24/10/2010
Finalmente saqué una parte de lo que me estuve tragando por tanto tiempo y aún el mal sabor no se va. Mi estómago está revuelto y las náuseas continúan. Quizás es el asco que siento de la humanidad. Diganme por qué creen que lo que hago está mal cuando ni siquiera se han visto en un espejo. Con qué moral me juzgan, si hay peores que yo. Incluyéndote.
"Has cambiado"
"Tú no eras así"
"No actúes de esa manera, no es correcto"
"No deberías hacer eso"
Y qué si cambié, aunque no lo hice, ésta siempre he sido yo. Sólo que más cansada y menos sumisa. Un poco más harta, de la vida y de las injusticias. Y sin la venda en los ojos.
Así que quiero saber...
¿Entonces cambiar es sinónimo de dejar de esconderte bajo las sombras de otros?
O cuál es el significado. Porque no lo consigo en la perspectiva de terceros.
Vomité y me dió más asco la reacción de los otros que lo mío.
Siento la boca agria y no es por las palabras que escupí, sino por aquellas que mis oídos lograron escuchar.
Mis ojos lloran, de impotencia quizás, porque no pude sacar todo lo que me está carcomiendo por dentro.

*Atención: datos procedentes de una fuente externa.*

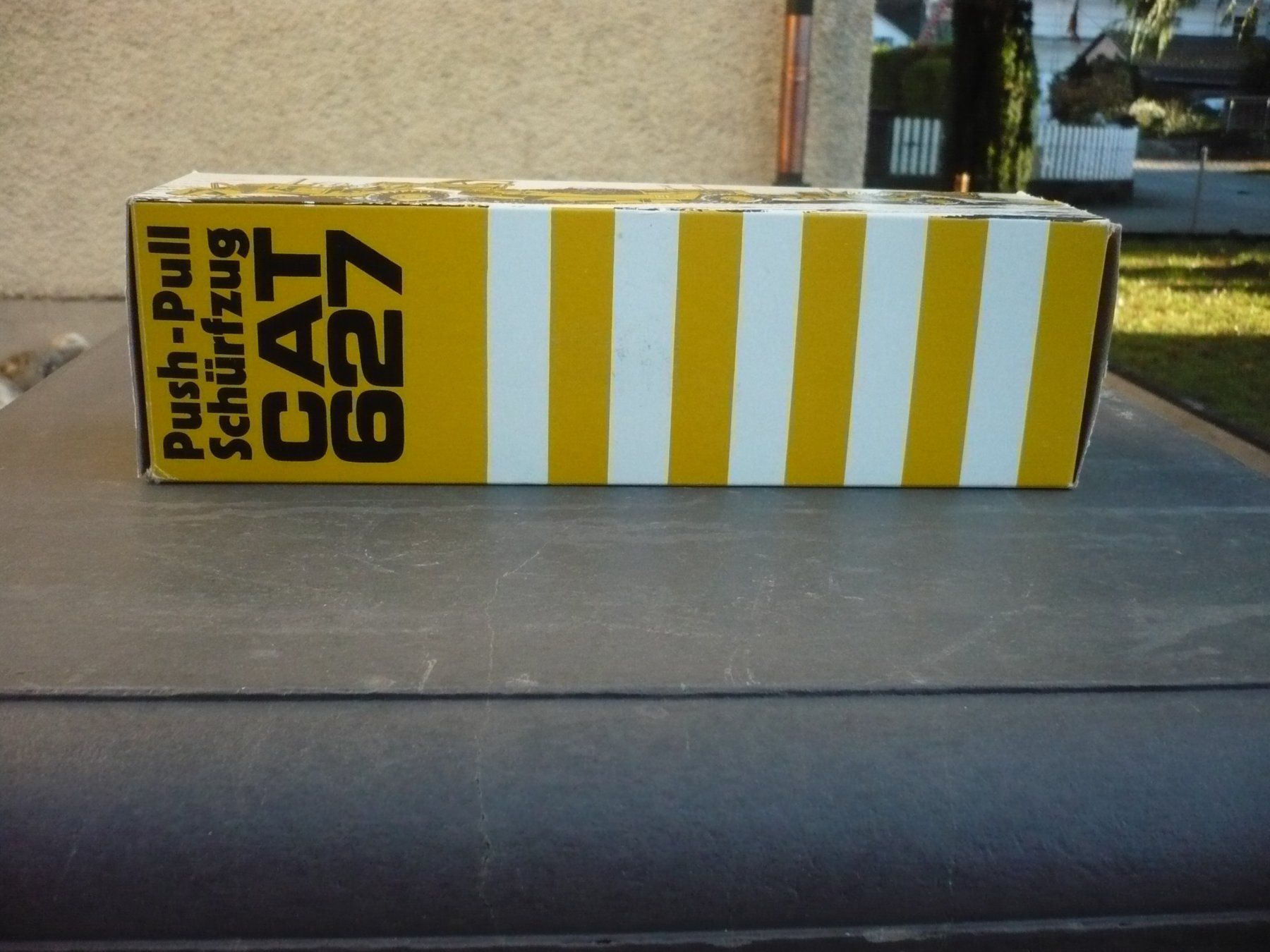 Caterpillar Kit di modellismo & Modellini statici: Scraper Caterpillar Push-Pull Schürfzug CAT 627 – Usato da Biberist venduto da Urmel 1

¿Que debo tener cuidado porque me van a perjudicar?
Haga lo que haga, bien o mal, siempre salgo con las tablas en la cabeza. De cualquier manera, al final es el mismo resultado.
Vomité y quedé con tal ardor en la garganta que tuve que salir corriendo de ese lugar.
Huí, quizás, pero es que ya no podía rodearme de tanta asquerosidad.
No quería terminar ensuciandome, aunque estuve a punto de agarrar mi propio vómito y regarlo por las paredes, que todos se dieran cuenta de lo que estuve llevando por dentro. Pero de qué vale, mi pensar no vale, no soy nadie, sólo una más.
Vomité y estoy segura de que lo usarán en mi contra. Pero más me vale desocupar un poco de espacio para poder seguir tragándome más.